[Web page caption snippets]
——————

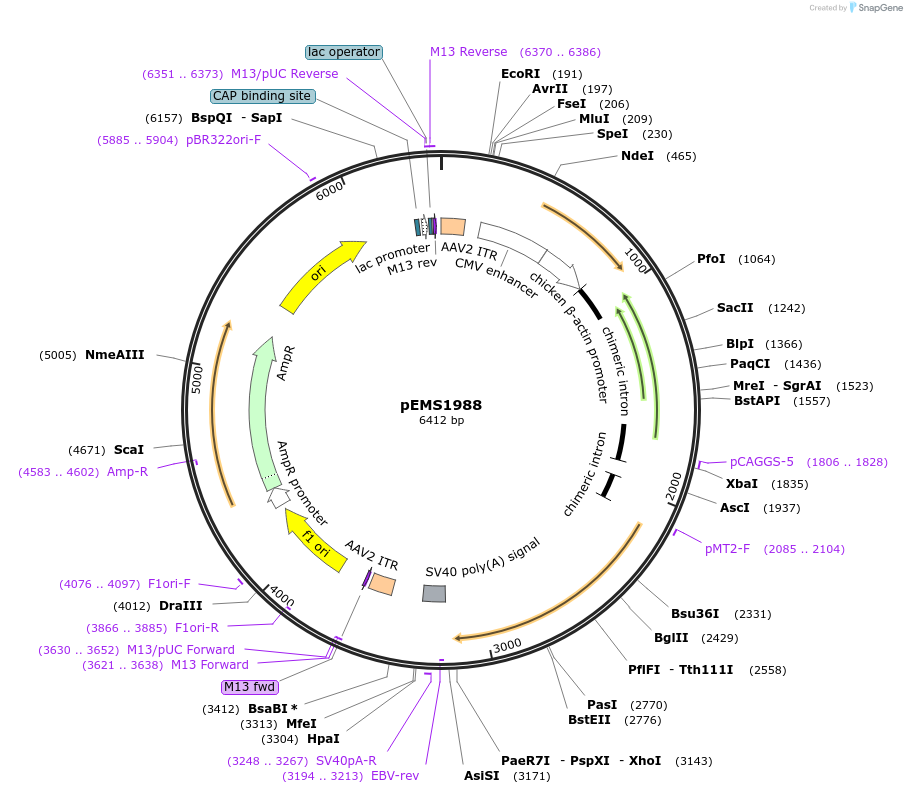 49119-plasmid-map-sequence-id-73217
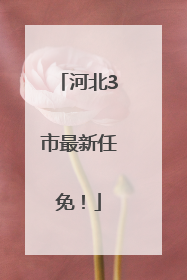 河北3市最新任免！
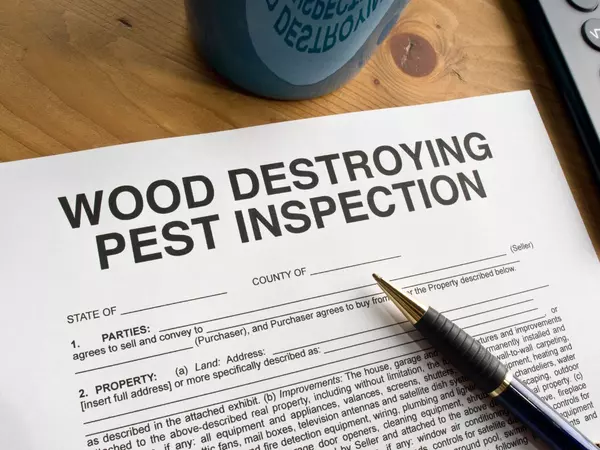 Why Pest Inspections Matter When Buying or Selling a Home in Virginia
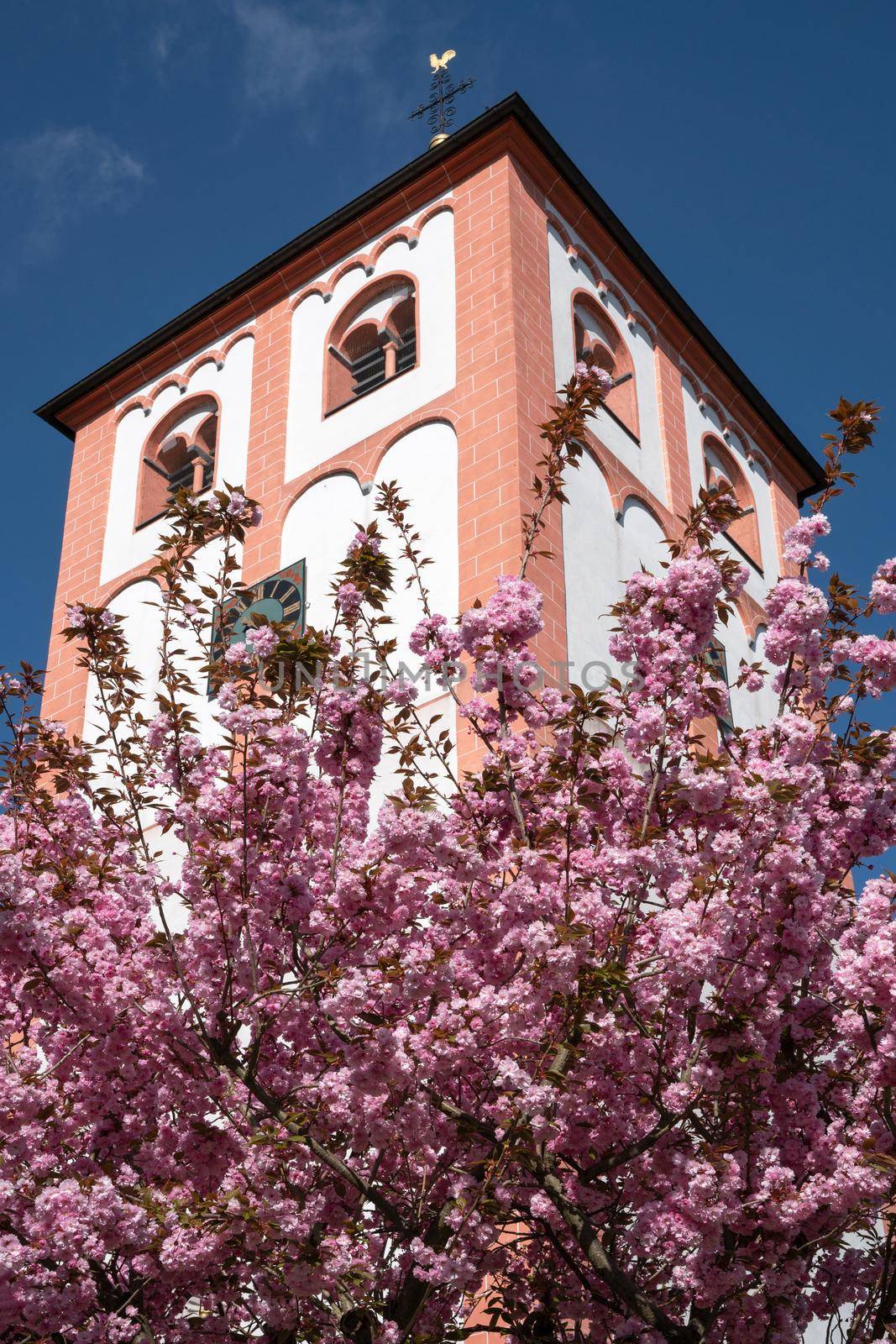Old parish church of village Odenthal with blossoming trees at springtime, Bergisches Land, Germany
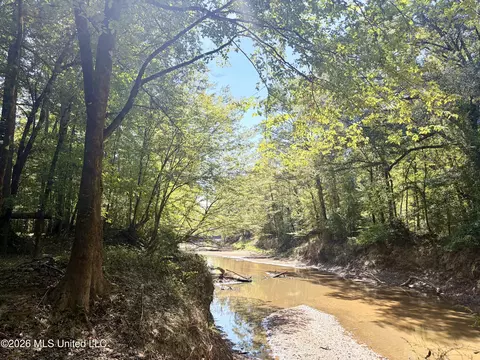 Highway 407, Kilmichael, MS 39747 photo 16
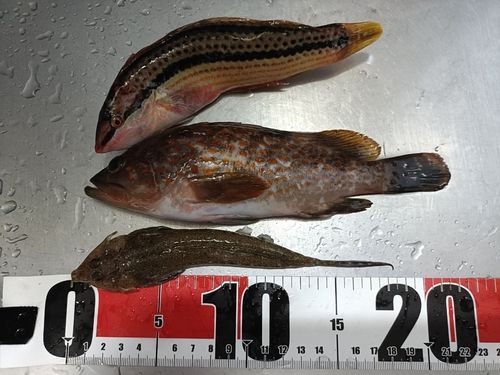 キジハタの釣果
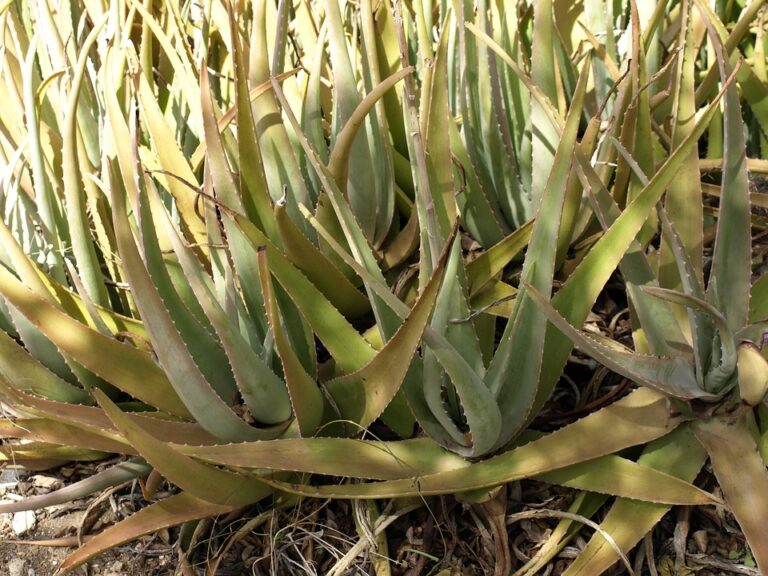 Jak využívat aloe vera k léčbě různých chorob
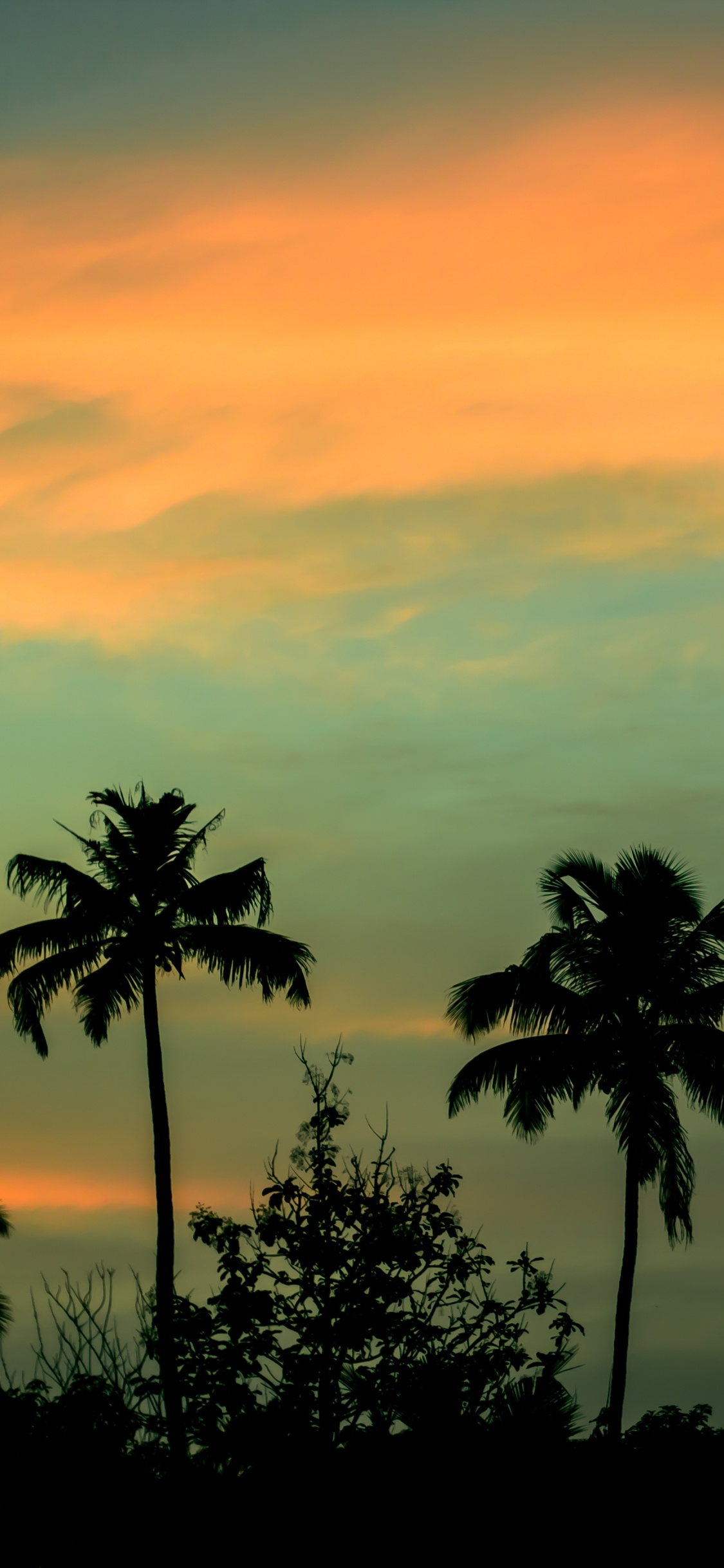 Silhouette de Palmiers au Coucher du Soleil. Wallpaper in 1125x2436 Resolution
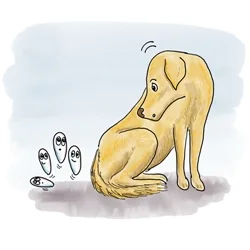 tapeworm 250.jpg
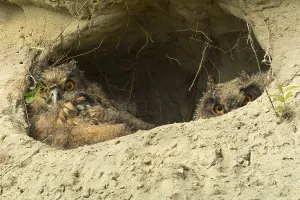 Eurasian eagle-owl (Bubo bubo)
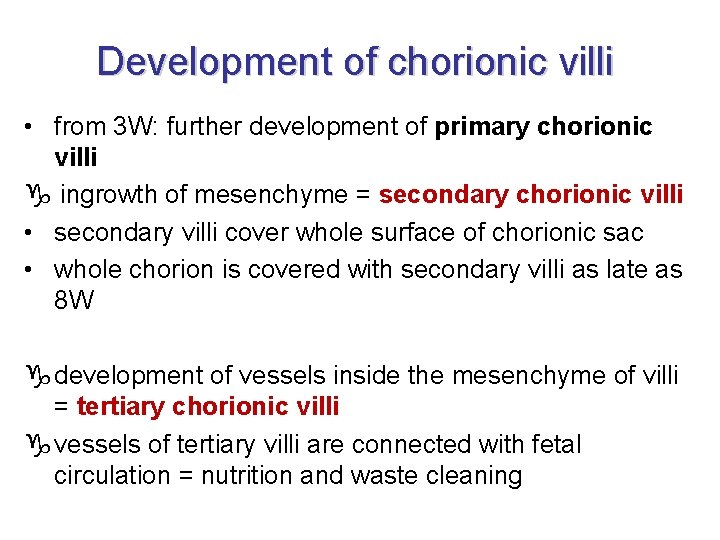 Development of chorionic villi • from 3 W: further development of primary chorionic villi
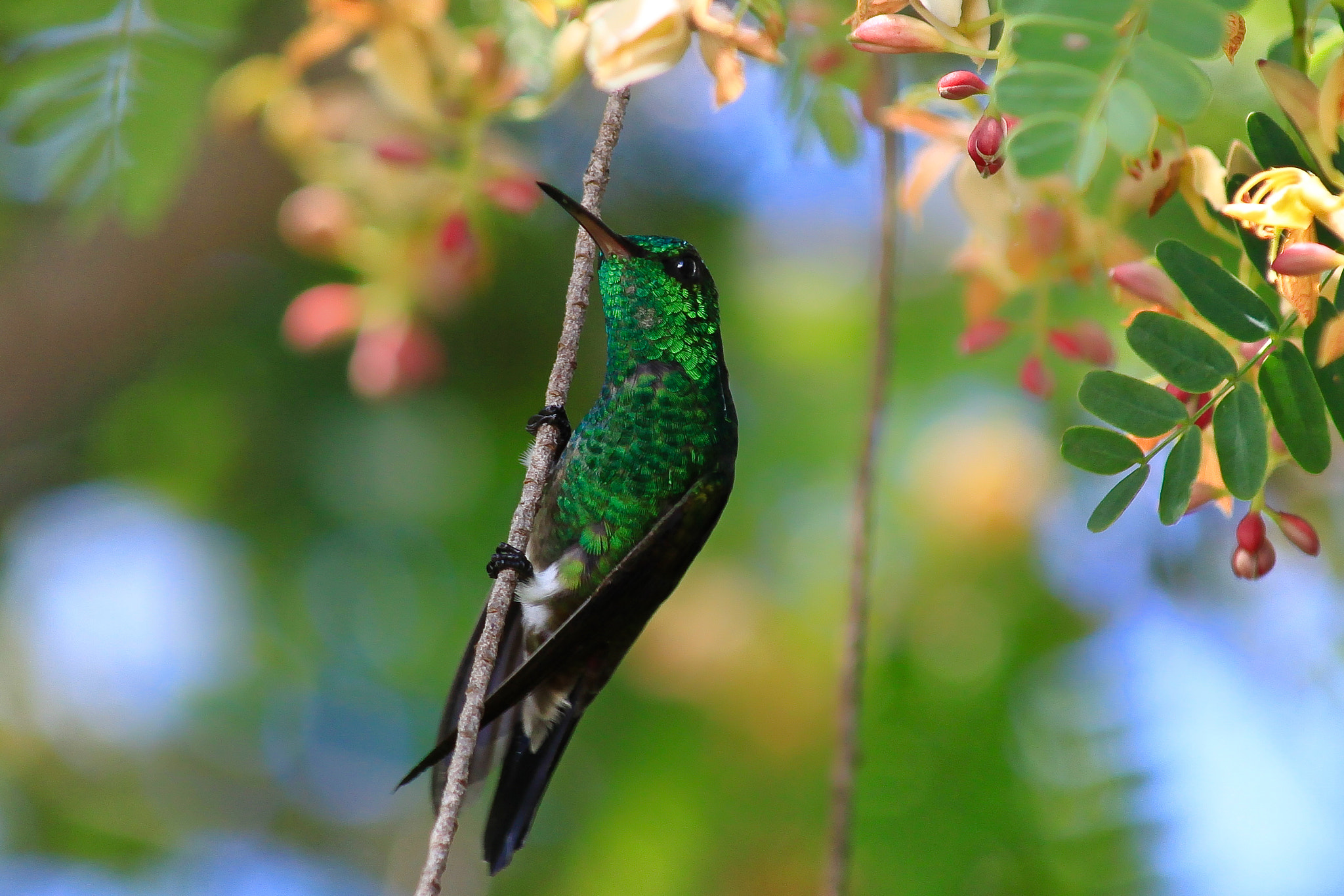 Canon EF 70-300mm F4-5.6 IS USM sample photo. Tarzan the hummingbird photography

——————

WORK TASK: Write every line above out again exactly; pictures do not belong in the copy.

EXERCISE RESULT:
 49119-plasmid-map-sequence-id-73217
 河北3市最新任免！
 Why Pest Inspections Matter When Buying or Selling a Home in Virginia
Old parish church of village Odenthal with blossoming trees at springtime, Bergisches Land, Germany
 Highway 407, Kilmichael, MS 39747 photo 16
 キジハタの釣果
 Jak využívat aloe vera k léčbě různých chorob
 Silhouette de Palmiers au Coucher du Soleil. Wallpaper in 1125x2436 Resolution
 tapeworm 250.jpg
 Eurasian eagle-owl (Bubo bubo)
 Development of chorionic villi • from 3 W: further development of primary chorionic villi
 Canon EF 70-300mm F4-5.6 IS USM sample photo. Tarzan the hummingbird photography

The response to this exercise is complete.